RBI, which also owns Burger King and Popeyes Louisiana Kitchen, saw the biggest boost from meat alternatives at Burger King, where the plant-based Impossible Whopper, which launched in April and is rolling out across the United States, has exceeded expectations.
The benefit of the meatless burger, Mr. Cil said, is that it is not just existing customers changing their orders – new, younger guests have also been drawn to Burger King, expanding the fast-food restaurants’ customer demographics.
RBI has also seen results from its international expansion. The company currently has more than 26,000 restaurants worldwide and wants to grow to more than 40,000 across its three chains over the next decade. Burger King has seen particularly strong results in China, India, Brazil and Spain.
Popeyes has recently announced new franchisee partnerships in China and Spain. Tim Hortons has been growing in Asia recently, with its 15th store just opened in China, and recently announced plans to expand in Thailand.
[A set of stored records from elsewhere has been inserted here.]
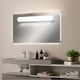 thumbnail image 1 of Barra de luz LED para espejos, 5W regulable, 3 modos de color, 28 LEDs, recargable de 1800mAh, lámpara adhesiva magnética, ajustable bajo el armario para cocina, armario, dormitorio, negro/blanco de, 1 of 7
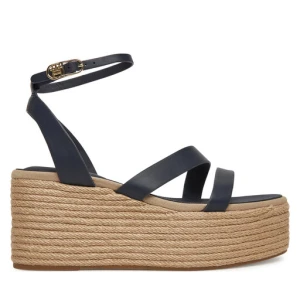 Espadryle Tommy Hilfiger Ankle Strap Leather Platform FW0FW08497 Granatowy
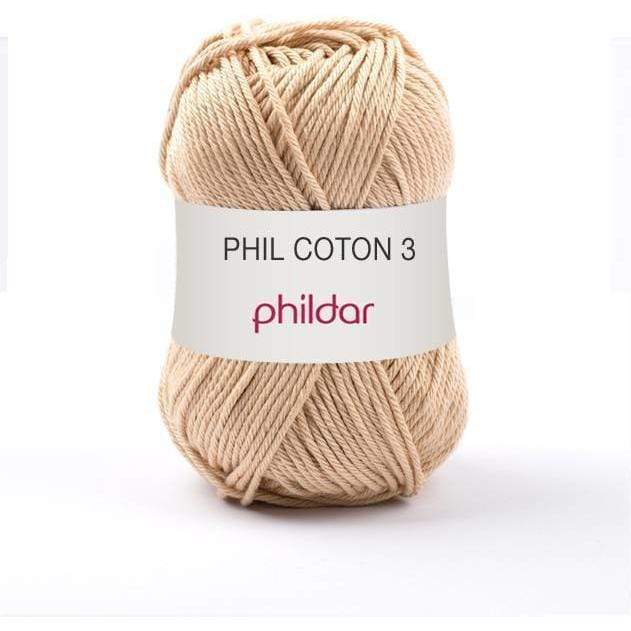 Phildar ovillo hilo algodon 50gr 3" 1111192 seigle PHILDAR CENTROARTESANO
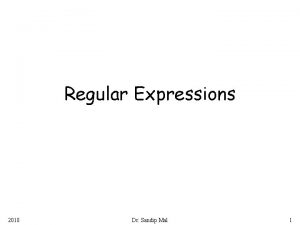 Primitive regular expressions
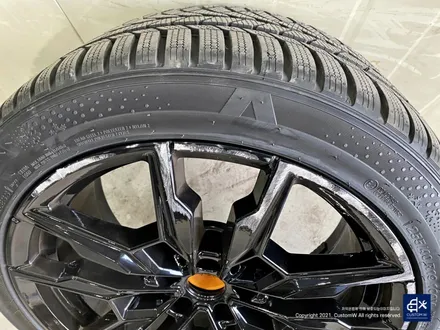 BMW i4 M50 휠수리 후 블랙유광 휠도색 / 용인 처인구
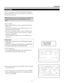 Page 4141
Enables you to program to turn on or off your projector automati-
cally at a specified time. The two timer functions are available: On/
Off Timer and Sleep Timer.
NOTE: When the On Timer is set and the projector is in standby, the
two digit indicator flashes 00 to indicate that the On Timer is
active.
Proceed as follows:
 ¥ Before setting On/Off Timer, maker sure that Date, Time Preset
feature is set.
 ¥ Even after setting On/Off Timer, turning the projector on or off
with the remote control is...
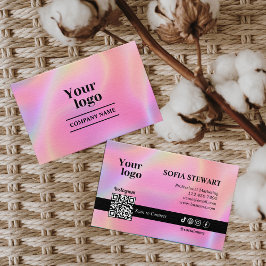 Holografisk astetiker söker efter att ansluta Inst Visitkort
On the home front, sales of cold beverages were impacted by colder spring weather and underperformance of the Oreo Iced Capp. And Tim Hortons is focusing on improving sagging lunch sales, which failed to get a boost from the launch of an inexpensive chicken sandwich.
The chain has also been working on improving the consistency of the coffee it sells, Mr. Macedo said, which has been well received. It has been developing new equipment, such as an oven for hot sandwiches and coffee machines that heat the pots from all sides – rather than a higher-heat bottom burner that can affect flavour.
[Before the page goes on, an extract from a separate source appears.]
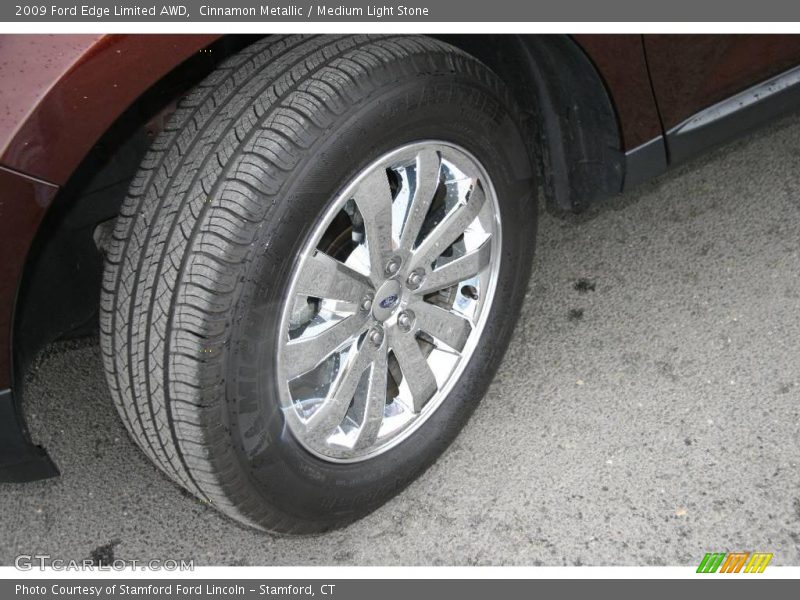 Cinnamon Metallic / Medium Light Stone 2009 Ford Edge Limited AWD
“It’s the biggest thing we’re doing,” Mr. Macedo said of the coffee adjustments.
Tim Hortons’ new loyalty program has reached more than seven-million users in its first few months, and loyalty members now account for half of the chain’s daily orders. So far, loyalty is not impacting sales, but the company expects it will help them with more personalized marketing.
“It’s been shocking to us, the amount of information we’ve been able to get from our guests,” Mr. Macedo said. Knowing customers’ habits can allow the chain to have orders ready for frequent visitors at their usual time, and to offer them incentives to visit at different times of day. Currently most members use a loyalty card, but Tim Hortons is working on converting users to its mobile app to make it easier to offer those personalized promotions.
Restaurant Brands revenue rose 4.2 per cent in the second quarter, to US$1.4-billion, driven by expansion in the number of its restaurants. Same-store sales grew 3.6 per cent at Burger King, 3 per cent at Popeyes, and 0.5 per cent at Tim Hortons.
RBI’s net income fell 18 per cent in the three months ended June 30, to US$257-million.